From Volume 37, Issue 31 of EIR Online, Published Aug. 13, 2010
Africa News Digest

China Continues Dam Projects in Africa

Aug. 9 (EIRNS)—China continues to take the lead in African dam construction, with an hydroelectric project with Zimbabwe, as it continues help African nations build the kind of infrastructure coherent with a process of industrialization. The 55-year-old Kariba Dam has a 180-billion-cubic meter reservoir-capacity, one of the world's largest.

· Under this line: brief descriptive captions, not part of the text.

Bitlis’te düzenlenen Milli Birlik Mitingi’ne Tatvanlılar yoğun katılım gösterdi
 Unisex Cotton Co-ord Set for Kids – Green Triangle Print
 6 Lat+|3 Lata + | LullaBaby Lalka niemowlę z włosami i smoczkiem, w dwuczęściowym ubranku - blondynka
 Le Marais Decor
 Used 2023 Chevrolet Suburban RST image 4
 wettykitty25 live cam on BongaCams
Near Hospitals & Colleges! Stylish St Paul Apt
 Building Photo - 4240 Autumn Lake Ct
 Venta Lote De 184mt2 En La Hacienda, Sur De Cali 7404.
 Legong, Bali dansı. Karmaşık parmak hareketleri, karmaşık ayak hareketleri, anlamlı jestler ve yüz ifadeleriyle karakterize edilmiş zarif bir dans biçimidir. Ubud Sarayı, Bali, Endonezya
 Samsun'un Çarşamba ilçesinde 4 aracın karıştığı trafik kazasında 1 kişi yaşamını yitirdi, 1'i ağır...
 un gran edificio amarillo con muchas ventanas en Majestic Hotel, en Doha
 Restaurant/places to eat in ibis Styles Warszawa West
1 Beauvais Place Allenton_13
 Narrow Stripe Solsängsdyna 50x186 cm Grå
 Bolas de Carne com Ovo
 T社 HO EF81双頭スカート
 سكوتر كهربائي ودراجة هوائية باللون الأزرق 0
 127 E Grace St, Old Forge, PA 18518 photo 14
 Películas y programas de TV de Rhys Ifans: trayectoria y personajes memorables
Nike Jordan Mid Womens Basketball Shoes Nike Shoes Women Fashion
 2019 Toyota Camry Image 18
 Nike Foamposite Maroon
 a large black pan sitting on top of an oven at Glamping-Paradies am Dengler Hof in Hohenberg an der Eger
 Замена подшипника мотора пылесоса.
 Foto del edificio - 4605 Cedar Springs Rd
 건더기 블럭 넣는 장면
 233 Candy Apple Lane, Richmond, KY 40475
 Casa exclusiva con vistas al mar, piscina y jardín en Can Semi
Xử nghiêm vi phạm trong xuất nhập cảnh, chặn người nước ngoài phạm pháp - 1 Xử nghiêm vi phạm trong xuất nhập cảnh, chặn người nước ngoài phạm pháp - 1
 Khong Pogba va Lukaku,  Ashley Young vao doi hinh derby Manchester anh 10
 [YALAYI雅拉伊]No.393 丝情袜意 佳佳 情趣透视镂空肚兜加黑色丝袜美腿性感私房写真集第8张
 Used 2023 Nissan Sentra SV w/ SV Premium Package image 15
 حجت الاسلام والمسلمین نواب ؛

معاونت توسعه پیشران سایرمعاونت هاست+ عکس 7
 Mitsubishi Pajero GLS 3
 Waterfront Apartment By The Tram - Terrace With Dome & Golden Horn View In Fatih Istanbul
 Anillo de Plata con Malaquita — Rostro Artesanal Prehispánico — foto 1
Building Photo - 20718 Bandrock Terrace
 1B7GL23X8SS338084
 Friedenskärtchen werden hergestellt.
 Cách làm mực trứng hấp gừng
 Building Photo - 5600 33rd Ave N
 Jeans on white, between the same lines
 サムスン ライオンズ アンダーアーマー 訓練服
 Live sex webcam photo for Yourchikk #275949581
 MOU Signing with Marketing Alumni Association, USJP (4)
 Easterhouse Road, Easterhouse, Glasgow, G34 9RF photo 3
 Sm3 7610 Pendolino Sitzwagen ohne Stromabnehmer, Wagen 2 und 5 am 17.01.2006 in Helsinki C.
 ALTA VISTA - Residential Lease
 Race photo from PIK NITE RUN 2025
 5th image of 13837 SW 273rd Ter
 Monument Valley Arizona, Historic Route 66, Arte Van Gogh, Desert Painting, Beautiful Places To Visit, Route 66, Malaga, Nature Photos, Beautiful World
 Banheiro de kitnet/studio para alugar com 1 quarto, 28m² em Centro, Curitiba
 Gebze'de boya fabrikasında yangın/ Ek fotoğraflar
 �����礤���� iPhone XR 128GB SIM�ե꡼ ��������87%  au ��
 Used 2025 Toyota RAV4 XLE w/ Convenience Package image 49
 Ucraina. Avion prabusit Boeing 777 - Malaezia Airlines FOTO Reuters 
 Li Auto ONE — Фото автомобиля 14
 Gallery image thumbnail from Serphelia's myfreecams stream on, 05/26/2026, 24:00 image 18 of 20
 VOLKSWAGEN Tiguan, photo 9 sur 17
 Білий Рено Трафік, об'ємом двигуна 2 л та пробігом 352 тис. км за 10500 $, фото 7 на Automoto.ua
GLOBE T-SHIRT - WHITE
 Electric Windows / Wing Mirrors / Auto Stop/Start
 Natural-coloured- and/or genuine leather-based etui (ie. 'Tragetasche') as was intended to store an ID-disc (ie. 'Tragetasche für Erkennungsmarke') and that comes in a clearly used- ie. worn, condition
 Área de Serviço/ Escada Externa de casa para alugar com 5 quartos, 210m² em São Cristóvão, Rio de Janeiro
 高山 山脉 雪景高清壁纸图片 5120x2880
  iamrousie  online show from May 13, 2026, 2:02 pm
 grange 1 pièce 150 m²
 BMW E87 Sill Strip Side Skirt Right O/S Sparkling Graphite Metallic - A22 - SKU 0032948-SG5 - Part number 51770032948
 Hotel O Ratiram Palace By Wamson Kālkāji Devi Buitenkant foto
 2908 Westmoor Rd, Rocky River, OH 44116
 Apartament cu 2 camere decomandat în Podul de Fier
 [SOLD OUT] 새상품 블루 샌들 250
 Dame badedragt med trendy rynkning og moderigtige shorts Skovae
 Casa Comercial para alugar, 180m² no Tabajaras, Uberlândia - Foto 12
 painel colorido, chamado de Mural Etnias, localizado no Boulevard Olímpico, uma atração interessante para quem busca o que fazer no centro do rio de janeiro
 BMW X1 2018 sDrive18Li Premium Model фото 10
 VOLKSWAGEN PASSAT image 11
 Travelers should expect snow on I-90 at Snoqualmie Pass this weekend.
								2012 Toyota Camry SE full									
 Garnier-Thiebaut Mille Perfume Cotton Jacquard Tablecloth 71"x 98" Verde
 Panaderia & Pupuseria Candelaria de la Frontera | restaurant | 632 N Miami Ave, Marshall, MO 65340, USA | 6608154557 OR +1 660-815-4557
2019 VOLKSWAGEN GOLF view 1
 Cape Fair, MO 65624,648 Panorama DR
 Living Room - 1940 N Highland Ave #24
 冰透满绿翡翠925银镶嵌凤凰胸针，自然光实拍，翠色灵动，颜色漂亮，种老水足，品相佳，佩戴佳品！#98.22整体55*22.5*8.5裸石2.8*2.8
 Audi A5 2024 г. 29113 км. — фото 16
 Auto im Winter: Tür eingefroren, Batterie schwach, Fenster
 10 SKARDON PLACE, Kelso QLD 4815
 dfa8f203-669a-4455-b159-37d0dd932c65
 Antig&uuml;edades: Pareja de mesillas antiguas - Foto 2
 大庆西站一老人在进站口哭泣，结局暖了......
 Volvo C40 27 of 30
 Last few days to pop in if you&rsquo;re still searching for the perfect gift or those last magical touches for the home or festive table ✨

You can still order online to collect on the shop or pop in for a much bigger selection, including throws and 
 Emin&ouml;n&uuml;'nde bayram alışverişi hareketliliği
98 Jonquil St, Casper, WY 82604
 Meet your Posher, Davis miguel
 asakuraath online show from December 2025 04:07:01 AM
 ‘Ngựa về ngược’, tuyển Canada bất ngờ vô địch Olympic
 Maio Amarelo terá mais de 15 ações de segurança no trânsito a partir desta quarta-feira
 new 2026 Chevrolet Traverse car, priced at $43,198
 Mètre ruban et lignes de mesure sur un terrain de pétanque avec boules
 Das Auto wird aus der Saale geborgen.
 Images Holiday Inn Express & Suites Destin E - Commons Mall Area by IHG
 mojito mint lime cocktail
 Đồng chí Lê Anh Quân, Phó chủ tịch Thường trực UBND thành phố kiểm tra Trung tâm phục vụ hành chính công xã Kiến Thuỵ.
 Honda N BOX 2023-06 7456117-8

Noah Gwariro, managing director of the Zimbabwe Power Co., said in Harare in early June: "We have signed an agreement with China's Sinohydro Corp. for the expansion of Kariba by an additional two 150-MW units." The project is an upgrade to the plant's six existing turbines involving part replacements and modification of other turbine hydraulic components to improve efficiency and capacity. In addition, two new turbines are to be added. The upgrade is to add 1,300 MW to the plant's capacity of 750 MW. The project is to cost $400 million.

Straddling the Zambia-Zimbabwe border, the Kariba Dam is located in Kariba Gorge on the Zambezi River. Zambia, on the other end of the dam, has also undertaken an expansion of its power generation facility at the dam, in a $400 million deal with China, which began in 2009. This project also includes the installation of two new turbines.

Sinohydro is currently involved in at least 210 projects in at least 48 countries worldwide, according to environmentalist groups which are hostile to the activity.

In addition to the Kariba projects, other Chinese dam investments in sub-Saharan Africa include Bui, in Ghana; Dikgatlhong, in Botswana; Grand Poubara, in Gabon; Imboulou, in Congo-Brazzaville; Merowe, in Sudan; Tekeze, in Ethiopia, the Sangha area project in the Democratic Republic of Congo, and Zungeru, in Nigeria.